As a rule, the bloc’s nations fund their national budget deficits with borrowings from abroad. When all the countries are compared to the Czech Republic, it emerges that it is only in Luxembourg and Romania where there is a greater willingness to lend to one’s own government.
According to European statistical data, financial institutions in the Czech Republic purchase 63 percent of every domestic government bond issue. Another six percent ends up with domestic businesses and individual investors. “The positive aspect of having a high proportion of the domestic debt in Czech hands is that the country enjoys greater protection from external economic jolts. The flip side is the risk ensuing from the high exposure of domestic financial institutions to a single issuer, that being the Czech state in this case,” said Petr Sklenář, Chief Economist at J&T Banka.
According to the finance ministry’s data for June, more than one-third of all Czech government bonds, worth CZK 1.6bn, was stashed away in domestic banks, while another one-third was shared by domestic pension funds and insurers. “In the event of the fiscal situation of the Czech Republic considerably deteriorating, a blow would be dealt to the domestic financial sector,” said Jakub Seidler, Chief Economist at ING Bank Ceska Republika. The Czech National Bank has itself served warning of the increased exposure of domestic financial institutions.

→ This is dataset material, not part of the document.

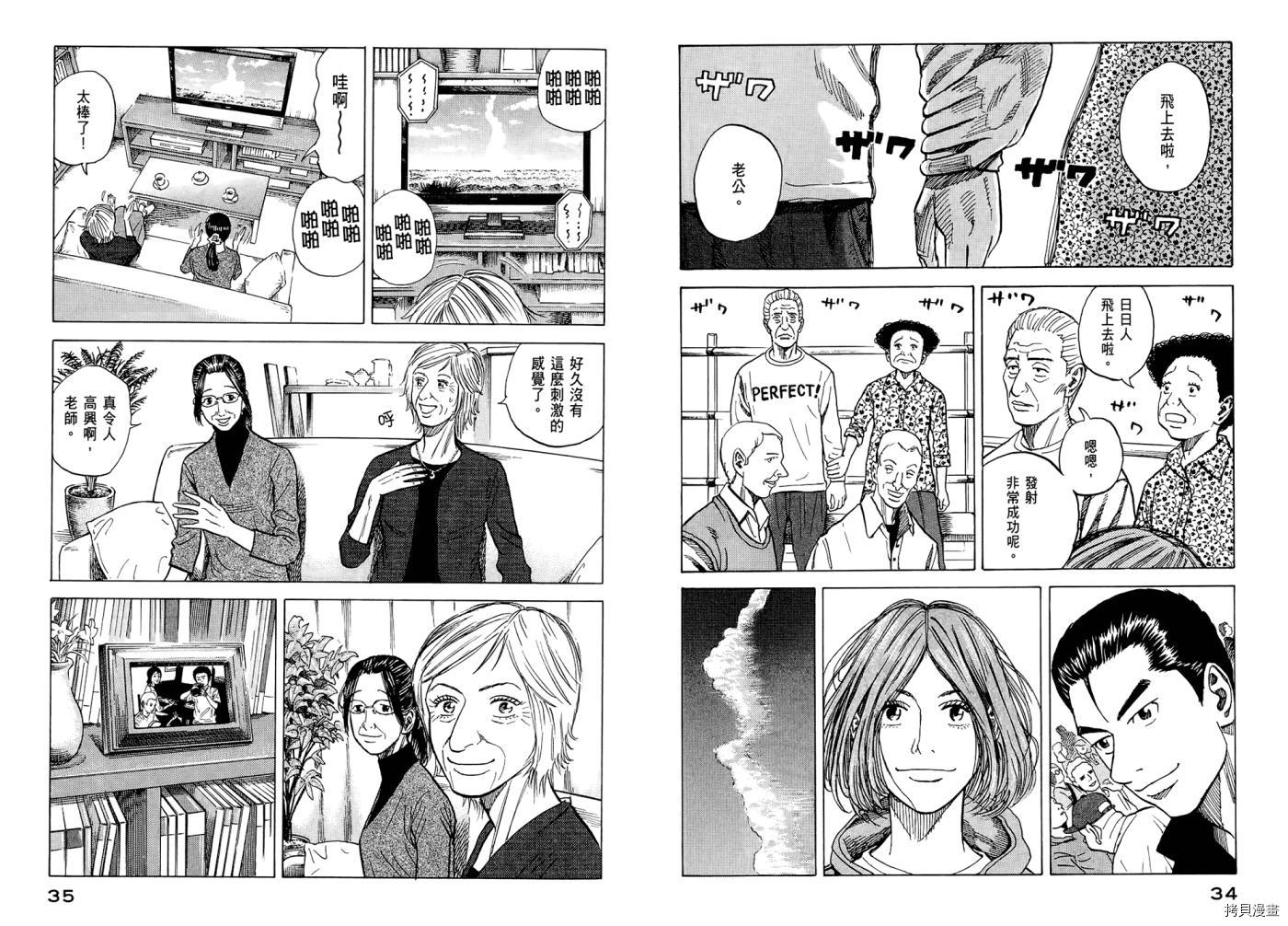 宇宙兄弟[拷贝漫画]韩漫全集-第07卷无删减无遮挡章节图片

The value of Czech government bonds has very tangibly slumped in recent months. The value of the 10-year bond has declined by eight percent since April. The downward trend seen in government bond prices started to take hold across Europe in early April, causing the values of the bonds issued by all the major European countries to shrink. Government bond price indexes show that since the end of April French bonds have lost more than six percent. Similar developments have been seen in German and Dutch treasury issues.